Tuesday, September 16, 2014

Learner's permit

My son Tim turned sixteen yesterday, and like at least two generations of suburban American kids before him, he celebrated the day with a trip to the Registry of Motor Vehicles for his learner's permit.

For the most part, I was pleased by his sense of urgency. Childhood, and even more so the teen years, have far too few rites of passage these days. With all the material goods and all the travel opportunities that so many privileged young people have access to, sometimes it's not clear to me what they have left to anticipate. I look at the teens I know locally who live in McMansions with swimming pools, billiards rooms, in-house movie theaters and vacation houses at the beach and wonder if they have any incentive at all to grow up and leave home. Do you yearn for your own little bachelor pad if your parents’ place has an in-house gym with a full basketball court?

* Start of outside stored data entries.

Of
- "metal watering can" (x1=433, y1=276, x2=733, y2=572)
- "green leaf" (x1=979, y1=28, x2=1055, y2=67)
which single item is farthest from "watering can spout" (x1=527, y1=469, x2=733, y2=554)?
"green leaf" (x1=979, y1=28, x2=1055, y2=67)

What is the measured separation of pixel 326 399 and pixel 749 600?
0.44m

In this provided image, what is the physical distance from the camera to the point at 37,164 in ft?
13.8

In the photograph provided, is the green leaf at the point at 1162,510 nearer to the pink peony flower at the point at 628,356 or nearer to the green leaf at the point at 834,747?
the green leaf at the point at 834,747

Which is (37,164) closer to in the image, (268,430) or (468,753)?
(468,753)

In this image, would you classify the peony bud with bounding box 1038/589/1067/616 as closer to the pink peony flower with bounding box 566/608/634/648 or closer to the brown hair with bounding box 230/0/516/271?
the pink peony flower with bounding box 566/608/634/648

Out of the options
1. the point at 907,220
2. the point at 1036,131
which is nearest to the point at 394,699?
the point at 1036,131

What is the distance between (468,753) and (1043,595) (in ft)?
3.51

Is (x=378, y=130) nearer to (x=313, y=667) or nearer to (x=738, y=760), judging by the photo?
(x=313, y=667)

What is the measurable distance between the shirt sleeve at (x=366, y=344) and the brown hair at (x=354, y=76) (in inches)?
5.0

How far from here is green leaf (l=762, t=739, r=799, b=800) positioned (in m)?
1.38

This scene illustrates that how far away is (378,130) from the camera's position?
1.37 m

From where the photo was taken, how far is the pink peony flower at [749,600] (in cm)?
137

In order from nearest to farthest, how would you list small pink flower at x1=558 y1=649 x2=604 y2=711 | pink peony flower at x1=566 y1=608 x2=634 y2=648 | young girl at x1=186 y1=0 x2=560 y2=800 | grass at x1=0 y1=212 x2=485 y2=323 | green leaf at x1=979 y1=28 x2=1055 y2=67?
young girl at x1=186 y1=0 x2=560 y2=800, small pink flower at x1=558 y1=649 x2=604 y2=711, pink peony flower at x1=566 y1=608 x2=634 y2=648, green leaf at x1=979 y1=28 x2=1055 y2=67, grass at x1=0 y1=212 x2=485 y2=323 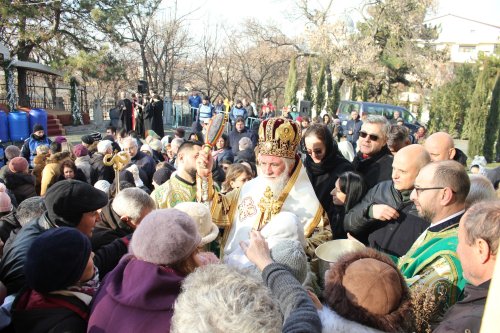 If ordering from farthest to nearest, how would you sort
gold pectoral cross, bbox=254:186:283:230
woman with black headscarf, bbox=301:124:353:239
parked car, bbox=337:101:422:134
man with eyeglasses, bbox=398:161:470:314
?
parked car, bbox=337:101:422:134
woman with black headscarf, bbox=301:124:353:239
gold pectoral cross, bbox=254:186:283:230
man with eyeglasses, bbox=398:161:470:314

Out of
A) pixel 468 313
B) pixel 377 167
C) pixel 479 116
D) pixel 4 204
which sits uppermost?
pixel 479 116

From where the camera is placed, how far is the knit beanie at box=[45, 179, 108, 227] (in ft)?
8.29

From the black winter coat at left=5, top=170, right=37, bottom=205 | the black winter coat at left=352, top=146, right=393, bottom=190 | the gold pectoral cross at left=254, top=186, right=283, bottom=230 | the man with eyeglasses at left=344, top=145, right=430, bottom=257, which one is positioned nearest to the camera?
the man with eyeglasses at left=344, top=145, right=430, bottom=257

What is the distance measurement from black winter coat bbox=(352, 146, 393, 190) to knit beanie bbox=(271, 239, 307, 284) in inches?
86.8

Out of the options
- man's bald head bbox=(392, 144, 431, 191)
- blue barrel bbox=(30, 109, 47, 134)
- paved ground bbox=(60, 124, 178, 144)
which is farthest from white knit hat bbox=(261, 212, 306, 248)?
paved ground bbox=(60, 124, 178, 144)

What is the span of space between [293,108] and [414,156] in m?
15.5

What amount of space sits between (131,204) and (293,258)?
5.28 ft

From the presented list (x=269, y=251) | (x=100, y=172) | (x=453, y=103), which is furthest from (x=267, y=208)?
(x=453, y=103)

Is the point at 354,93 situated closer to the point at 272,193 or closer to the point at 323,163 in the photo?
the point at 323,163

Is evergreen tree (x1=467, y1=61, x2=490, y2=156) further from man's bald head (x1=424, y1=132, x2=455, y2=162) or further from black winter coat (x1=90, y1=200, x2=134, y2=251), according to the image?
black winter coat (x1=90, y1=200, x2=134, y2=251)

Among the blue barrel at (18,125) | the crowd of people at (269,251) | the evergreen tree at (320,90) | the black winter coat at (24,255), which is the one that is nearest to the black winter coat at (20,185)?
the crowd of people at (269,251)

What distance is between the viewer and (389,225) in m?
2.91

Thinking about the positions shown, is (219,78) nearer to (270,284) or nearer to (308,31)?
(308,31)

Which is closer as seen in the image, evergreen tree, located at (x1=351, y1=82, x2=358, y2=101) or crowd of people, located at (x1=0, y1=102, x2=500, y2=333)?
crowd of people, located at (x1=0, y1=102, x2=500, y2=333)
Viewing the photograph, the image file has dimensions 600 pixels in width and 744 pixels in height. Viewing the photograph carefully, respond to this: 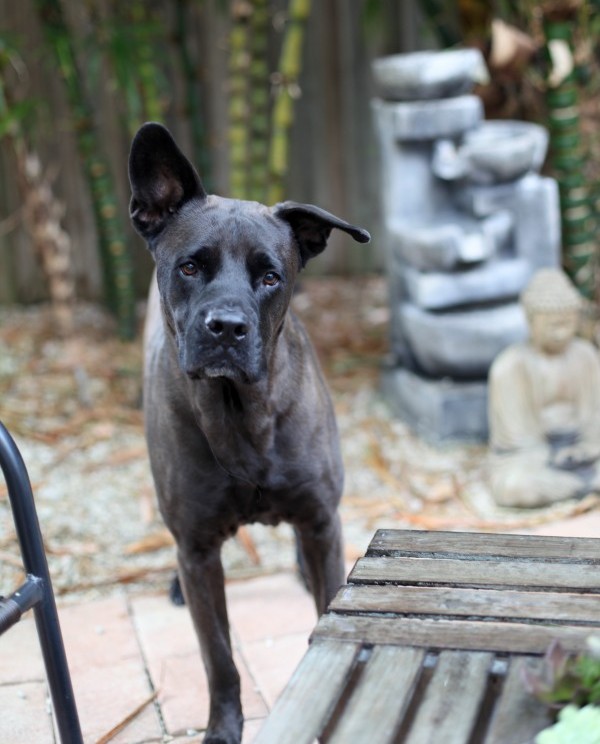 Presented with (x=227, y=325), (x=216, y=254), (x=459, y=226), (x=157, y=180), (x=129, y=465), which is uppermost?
(x=157, y=180)

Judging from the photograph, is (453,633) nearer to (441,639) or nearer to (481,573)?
(441,639)

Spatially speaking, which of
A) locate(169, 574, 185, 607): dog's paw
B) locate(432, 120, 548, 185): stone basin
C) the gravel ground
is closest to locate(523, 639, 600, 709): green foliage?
locate(169, 574, 185, 607): dog's paw

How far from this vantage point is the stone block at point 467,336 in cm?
453

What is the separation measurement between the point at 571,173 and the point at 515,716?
3.64 metres

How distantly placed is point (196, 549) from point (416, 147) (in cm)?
262

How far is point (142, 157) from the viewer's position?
2.44 m

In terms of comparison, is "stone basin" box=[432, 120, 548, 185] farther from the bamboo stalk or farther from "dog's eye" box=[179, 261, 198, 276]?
"dog's eye" box=[179, 261, 198, 276]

So it feels right to me that there's something special and rare about turning sixteen, something cool and exciting that you get to do merely by reaching a birthday. But it’s not the de facto milestone that it once was. Articles I've read recently have supported what I've personally observed; when my generation were teens, we all wanted to drive, but now, with their overscheduled lives and their helicopter parents who are accustomed to driving them to every activity, some kids don't really care all that much about getting a license.

And it makes sense, in a way. Being able to drive yourself to SAT preparation class, math tutoring, or mandatory community service hours doesn't have quite the same allure as being able to take the wheel and go cruising with your friends on the strip. Moreover, new regulations that restrict whom teen drivers can take as passengers mean any possibility of cruising the strip -- wherever that strip may be, in our quiet semi-rural town -- still feels years away to a sixteen-year-old.

Tim returned from the RMV triumphant, permit in hand. It's definitely a rite of passage, and one he was delighted to undergo. I greeted his news with a little bit of ambivalence. First and foremost, there are the obvious worries about safety -- his own and those of other people with he could potentially collide -- but there's also the subtler sense that if he can drive, he's taking his first steps into not only the excitement and independence of adulthood but ultimately the drudgery as well. Welcome to errands. And having to be places on time. And dealing with car maintenance. And paying for gas.

But he's looking forward to it. He’s had plenty of opportunities to pilot various vehicles while working on his grandparents' farm; during the summer months he drove cars, trucks and tractors all over the fields and private byways on the farm. He knows the excitement of powering a large piece of machinery. Moreover, he's been driving a motorboat since he was about ten, and like a lot of kids, he just likes engines and speed and what happens when you get the chance to combine the two.

So I wish him all the best as he ventures behind the wheel. And I wish my husband all the best as well, because that's who will be overseeing Tim's driving instruction in these early days. I'll wait until he's a little more capable. Then I'll give him some errands to do. Because with freedom comes responsibility, and I'll be more than happy to pass on a few of my weekly trips to the town dump. Maybe that can be considered a rite of passage as well.